## Task objective
Your task is to reproduce exactly the lines that run from the beginning of the data through the line where "İsrail, Kudüs, Haziran" appears.

## Supplied information
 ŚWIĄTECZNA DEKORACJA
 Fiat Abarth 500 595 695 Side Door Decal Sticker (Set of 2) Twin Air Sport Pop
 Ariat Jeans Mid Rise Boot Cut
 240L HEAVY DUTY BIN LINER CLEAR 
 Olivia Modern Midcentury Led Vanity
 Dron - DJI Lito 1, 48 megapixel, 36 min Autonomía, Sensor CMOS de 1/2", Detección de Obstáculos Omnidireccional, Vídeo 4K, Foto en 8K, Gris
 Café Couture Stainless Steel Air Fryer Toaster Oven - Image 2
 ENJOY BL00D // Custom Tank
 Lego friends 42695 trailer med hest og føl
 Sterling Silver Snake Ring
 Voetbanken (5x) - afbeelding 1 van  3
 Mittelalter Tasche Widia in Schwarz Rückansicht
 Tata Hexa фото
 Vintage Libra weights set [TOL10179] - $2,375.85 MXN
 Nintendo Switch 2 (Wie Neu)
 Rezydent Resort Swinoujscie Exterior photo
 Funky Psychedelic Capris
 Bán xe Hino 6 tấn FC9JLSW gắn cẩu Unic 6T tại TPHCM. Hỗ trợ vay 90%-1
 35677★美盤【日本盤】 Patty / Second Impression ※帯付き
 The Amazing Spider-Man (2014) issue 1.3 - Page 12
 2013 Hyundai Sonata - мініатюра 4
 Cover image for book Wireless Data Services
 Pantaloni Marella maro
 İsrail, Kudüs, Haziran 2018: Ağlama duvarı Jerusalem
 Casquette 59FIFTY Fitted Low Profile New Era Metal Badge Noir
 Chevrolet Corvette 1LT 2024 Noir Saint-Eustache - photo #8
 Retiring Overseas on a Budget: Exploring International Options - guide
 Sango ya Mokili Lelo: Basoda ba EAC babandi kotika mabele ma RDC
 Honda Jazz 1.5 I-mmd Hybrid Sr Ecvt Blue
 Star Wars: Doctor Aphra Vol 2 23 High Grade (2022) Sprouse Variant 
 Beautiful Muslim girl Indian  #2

## Solution to this exercise
 ŚWIĄTECZNA DEKORACJA
 Fiat Abarth 500 595 695 Side Door Decal Sticker (Set of 2) Twin Air Sport Pop
 Ariat Jeans Mid Rise Boot Cut
 240L HEAVY DUTY BIN LINER CLEAR 
 Olivia Modern Midcentury Led Vanity
 Dron - DJI Lito 1, 48 megapixel, 36 min Autonomía, Sensor CMOS de 1/2", Detección de Obstáculos Omnidireccional, Vídeo 4K, Foto en 8K, Gris
 Café Couture Stainless Steel Air Fryer Toaster Oven - Image 2
 ENJOY BL00D // Custom Tank
 Lego friends 42695 trailer med hest og føl
 Sterling Silver Snake Ring
 Voetbanken (5x) - afbeelding 1 van  3
 Mittelalter Tasche Widia in Schwarz Rückansicht
 Tata Hexa фото
 Vintage Libra weights set [TOL10179] - $2,375.85 MXN
 Nintendo Switch 2 (Wie Neu)
 Rezydent Resort Swinoujscie Exterior photo
 Funky Psychedelic Capris
 Bán xe Hino 6 tấn FC9JLSW gắn cẩu Unic 6T tại TPHCM. Hỗ trợ vay 90%-1
 35677★美盤【日本盤】 Patty / Second Impression ※帯付き
 The Amazing Spider-Man (2014) issue 1.3 - Page 12
 2013 Hyundai Sonata - мініатюра 4
 Cover image for book Wireless Data Services
 Pantaloni Marella maro
 İsrail, Kudüs, Haziran 2018: Ağlama duvarı Jerusalem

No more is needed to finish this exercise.